When retrieving logs from an application, you are often looking for outliers (such as a unique error) or what pattern occurs the most. However, defining patterns manually is time-consuming and requires rigour across projects. In this series of blog posts, we are going to explore automated Log Pattern Recognition.

## Why

I recently began using Datadog Log Pattern and became addicted to it. Unfortunately, I was not able to find such a feature on Kibana or a query proxy able to do this analysis. If that does not exist, I might as well learn more about it and make one!

To my surprise, I did not find as many papers as I thought I would. And the number of papers with public implementations is even lower. Our series begins with a paper called LogMine: Fast Pattern Recognition for Log Analytics and an implementation made by Tony Dinh that helped me a lot to study LogMine’s behavior.

To my surprise, I searched for anything related to LogMine on Hacker News and only found Tony Dinh’s submission.

Some terms used in this article can have several meanings.
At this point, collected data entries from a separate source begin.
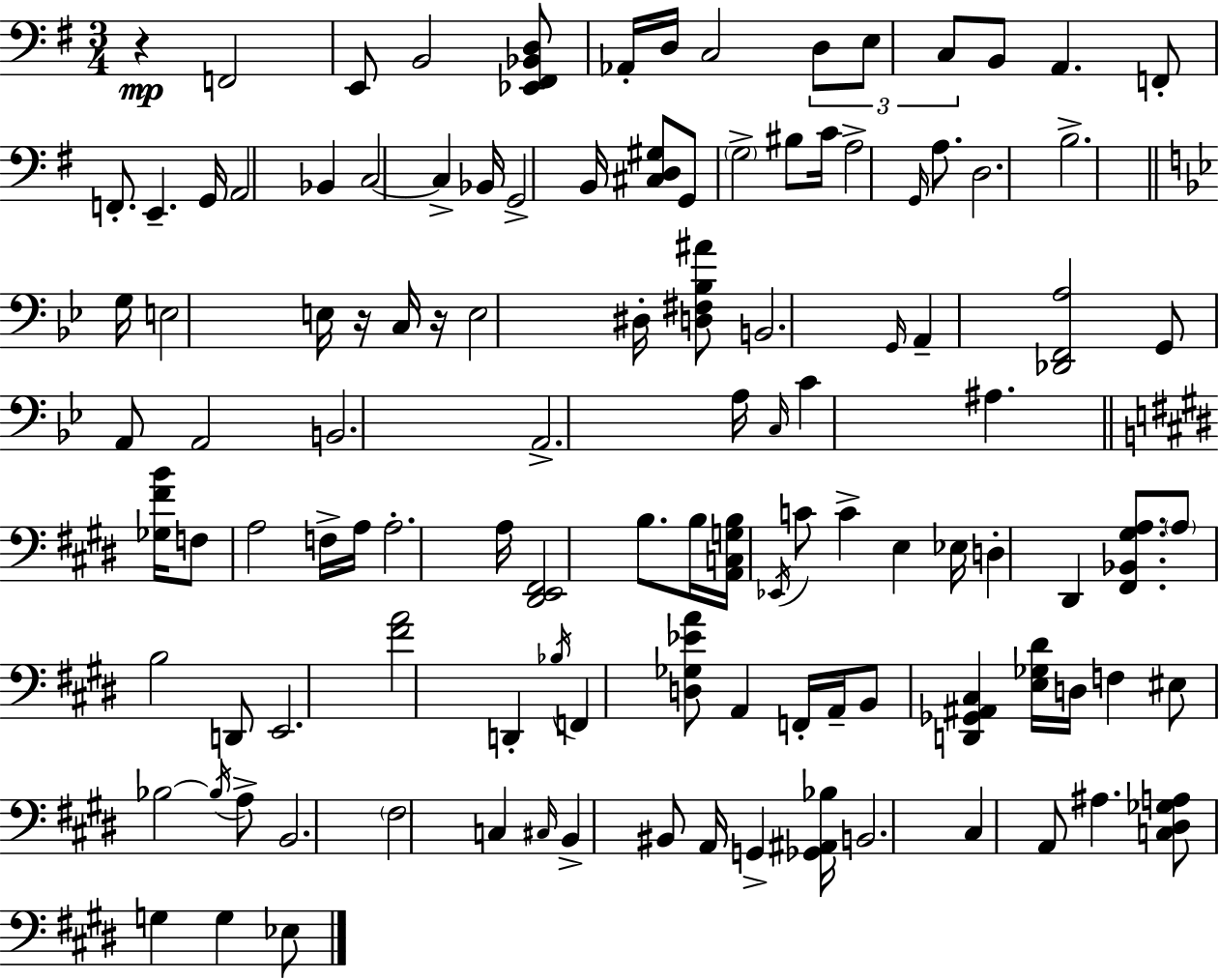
{
  \clef bass
  \numericTimeSignature
  \time 3/4
  \key e \minor
  \repeat volta 2 { r4\mp f,2 | e,8 b,2 <ees, fis, bes, d>8 | aes,16-. d16 c2 \tuplet 3/2 { d8 | e8 c8 } b,8 a,4. | \break f,8-. f,8.-. e,4.-- g,16 | a,2 bes,4 | c2~~ c4-> | bes,16 g,2-> b,16 <cis d gis>8 | \break g,8 \parenthesize g2-> bis8 | c'16 a2-> \grace { g,16 } a8. | d2. | b2.-> | \break \bar "||" \break \key bes \major g16 e2 e16 r16 c16 | r16 e2 dis16-. <d fis bes ais'>8 | b,2. | \grace { g,16 } a,4-- <des, f, a>2 | \break g,8 a,8 a,2 | b,2. | a,2.-> | a16 \grace { c16 } c'4 ais4. | \break \bar "||" \break \key e \major <ges fis' b'>16 f8 a2 f16-> | a16 a2.-. | a16 <dis, e, fis,>2 b8. | b16 <a, c g b>16 \acciaccatura { ees,16 } c'8 c'4-> e4 | \break ees16 d4-. dis,4 <fis, bes, gis a>8. | \parenthesize a8 b2 | d,8 e,2. | <fis' a'>2 d,4-. | \break \acciaccatura { bes16 } f,4 <d ges ees' a'>8 a,4 | f,16-. a,16-- b,8 <d, ges, ais, cis>4 <e ges dis'>16 d16 f4 | eis8 bes2~~ | \acciaccatura { bes16 } a8-> b,2. | \break \parenthesize fis2 | c4 \grace { cis16 } b,4-> bis,8 a,16 | g,4-> <ges, ais, bes>16 b,2. | cis4 a,8 ais4. | \break <c dis ges a>8 g4 g4 | ees8 } \bar "|."
}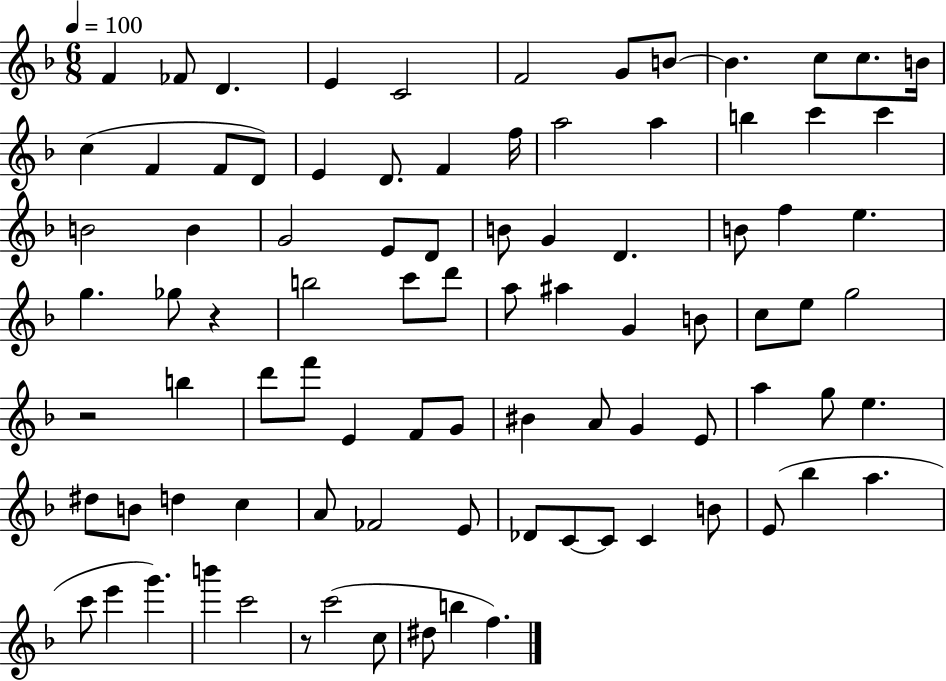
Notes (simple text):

F4/q FES4/e D4/q. E4/q C4/h F4/h G4/e B4/e B4/q. C5/e C5/e. B4/s C5/q F4/q F4/e D4/e E4/q D4/e. F4/q F5/s A5/h A5/q B5/q C6/q C6/q B4/h B4/q G4/h E4/e D4/e B4/e G4/q D4/q. B4/e F5/q E5/q. G5/q. Gb5/e R/q B5/h C6/e D6/e A5/e A#5/q G4/q B4/e C5/e E5/e G5/h R/h B5/q D6/e F6/e E4/q F4/e G4/e BIS4/q A4/e G4/q E4/e A5/q G5/e E5/q. D#5/e B4/e D5/q C5/q A4/e FES4/h E4/e Db4/e C4/e C4/e C4/q B4/e E4/e Bb5/q A5/q. C6/e E6/q G6/q. B6/q C6/h R/e C6/h C5/e D#5/e B5/q F5/q.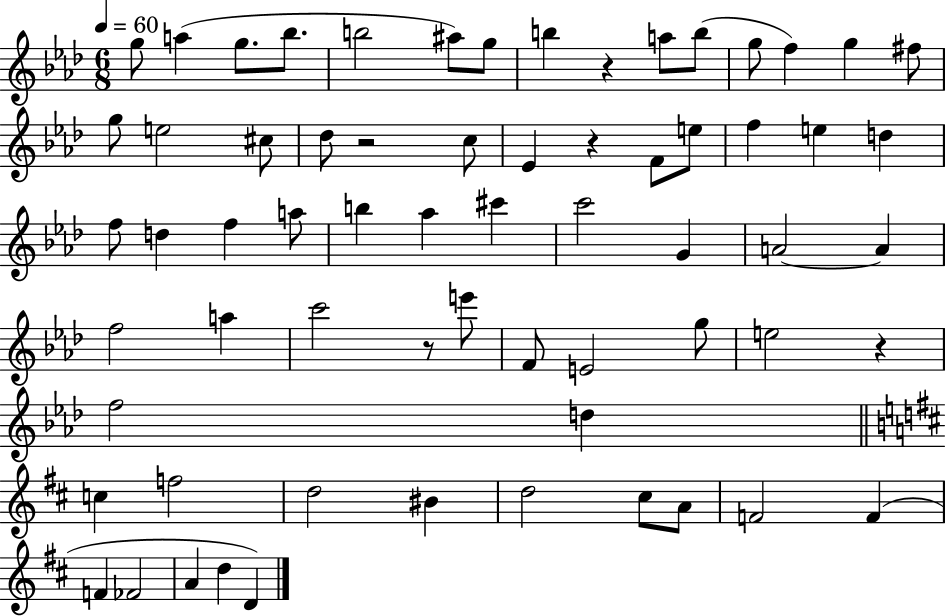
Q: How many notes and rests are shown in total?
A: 65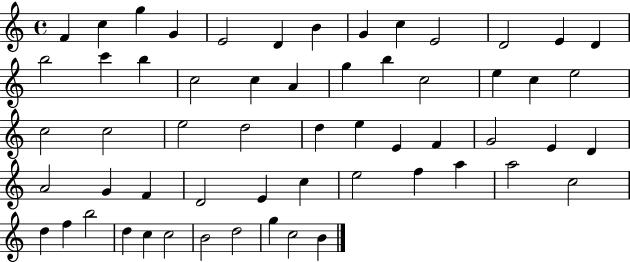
F4/q C5/q G5/q G4/q E4/h D4/q B4/q G4/q C5/q E4/h D4/h E4/q D4/q B5/h C6/q B5/q C5/h C5/q A4/q G5/q B5/q C5/h E5/q C5/q E5/h C5/h C5/h E5/h D5/h D5/q E5/q E4/q F4/q G4/h E4/q D4/q A4/h G4/q F4/q D4/h E4/q C5/q E5/h F5/q A5/q A5/h C5/h D5/q F5/q B5/h D5/q C5/q C5/h B4/h D5/h G5/q C5/h B4/q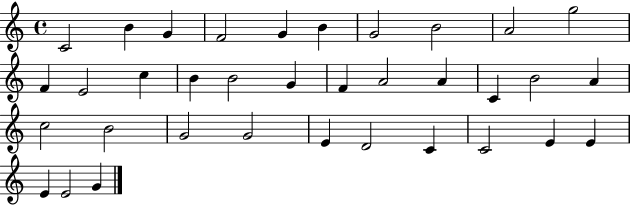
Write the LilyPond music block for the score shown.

{
  \clef treble
  \time 4/4
  \defaultTimeSignature
  \key c \major
  c'2 b'4 g'4 | f'2 g'4 b'4 | g'2 b'2 | a'2 g''2 | \break f'4 e'2 c''4 | b'4 b'2 g'4 | f'4 a'2 a'4 | c'4 b'2 a'4 | \break c''2 b'2 | g'2 g'2 | e'4 d'2 c'4 | c'2 e'4 e'4 | \break e'4 e'2 g'4 | \bar "|."
}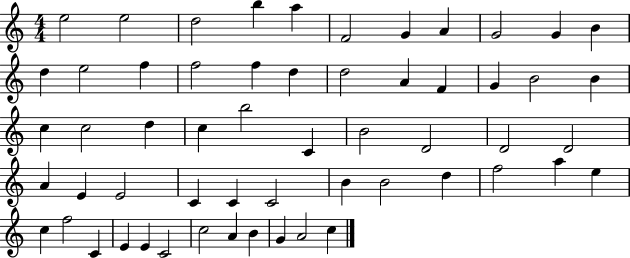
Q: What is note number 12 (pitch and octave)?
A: D5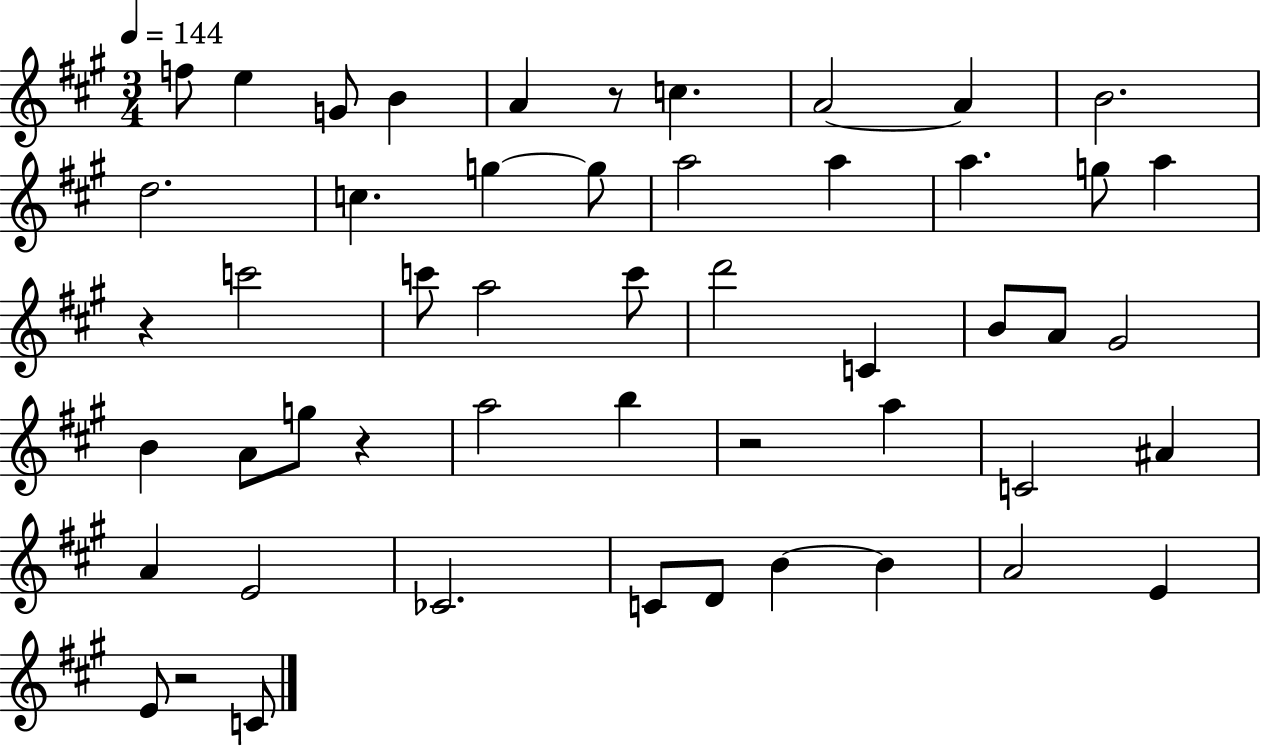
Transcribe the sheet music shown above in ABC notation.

X:1
T:Untitled
M:3/4
L:1/4
K:A
f/2 e G/2 B A z/2 c A2 A B2 d2 c g g/2 a2 a a g/2 a z c'2 c'/2 a2 c'/2 d'2 C B/2 A/2 ^G2 B A/2 g/2 z a2 b z2 a C2 ^A A E2 _C2 C/2 D/2 B B A2 E E/2 z2 C/2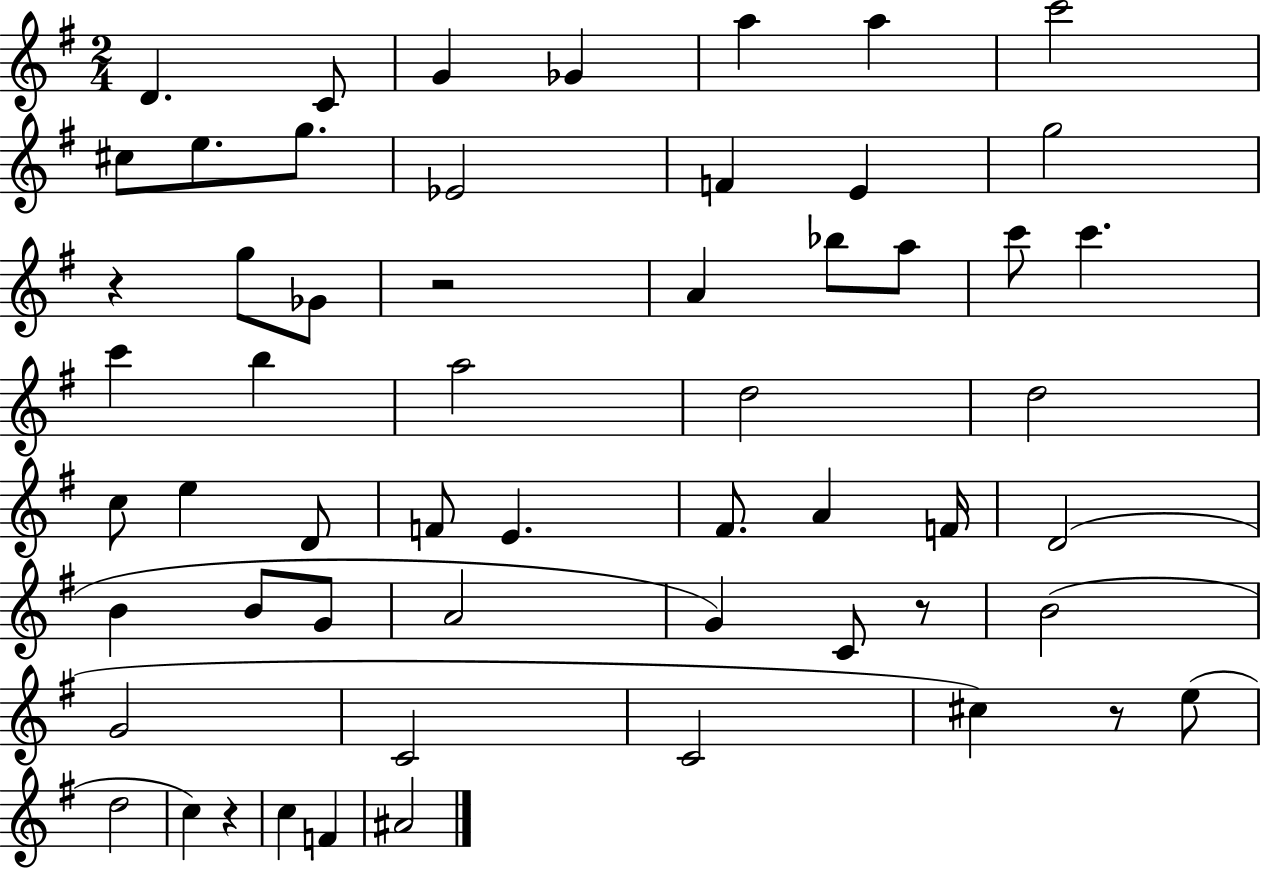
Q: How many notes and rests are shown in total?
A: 57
In Logmine’s context, the terms I use mean:

• log: a log line (string)
12:00:00 - My awesome log

• pattern: Expression extracted by the algorithm (array of field)
[<date>, "-", "My", "awesome", "log"]

• field: Part of a pattern / Word from a log (Either a fixed value, a wildcard or a variable)
• cluster: represents a group of logs that were identified as close to each others
• variable: a user-provided regex used to identify a known format
number = \d+
time = \d{2}:\d{2}:\d{2}


## An introduction to LogMine

The LogMine paper describes a method to parse logs, group them into clusters and extract patterns without any prior knowledge or supervision. LogMine can be implemented using MapReduce and works in a single pass over the dataset.

LogMine’s approach to grouping logs roughly works by:

1. Parsing logs into patterns
2. Grouping patterns into clusters if the distance between them is small
3. Merging clusters into a single pattern
4. Repeat from step 2 until you are satisfied

LogMine classifies fields into three categories:

• Fixed value, a field that is constant across all logs in a cluster. This is detected at the pattern extraction step.
• Variable, a field that matches a pattern provided by the user. This is detected at the pre-processing step.
• Wildcard, a field that is not constant across all logs in a cluster. This is detected at the pattern extraction step.

Let’s illustrate how it works, step by step, using three simple logs:

10:00:00 - [DEBUG] - User 123 disconnected
10:30:00 - [DEBUG] - User 123 disconnected
11:11:11 - [ERROR] - An error occurred while disconnecting user 456
12:12:12 - [DEBUG] - User 789 disconnected


We will also define a variable <time> that follows the pattern \d{2}:\d{2}:\d{2}.

Note

A good practice would be to define more variables to avoid forming two clusters from logs with low similarity. For instance, we should define <number> as \d+.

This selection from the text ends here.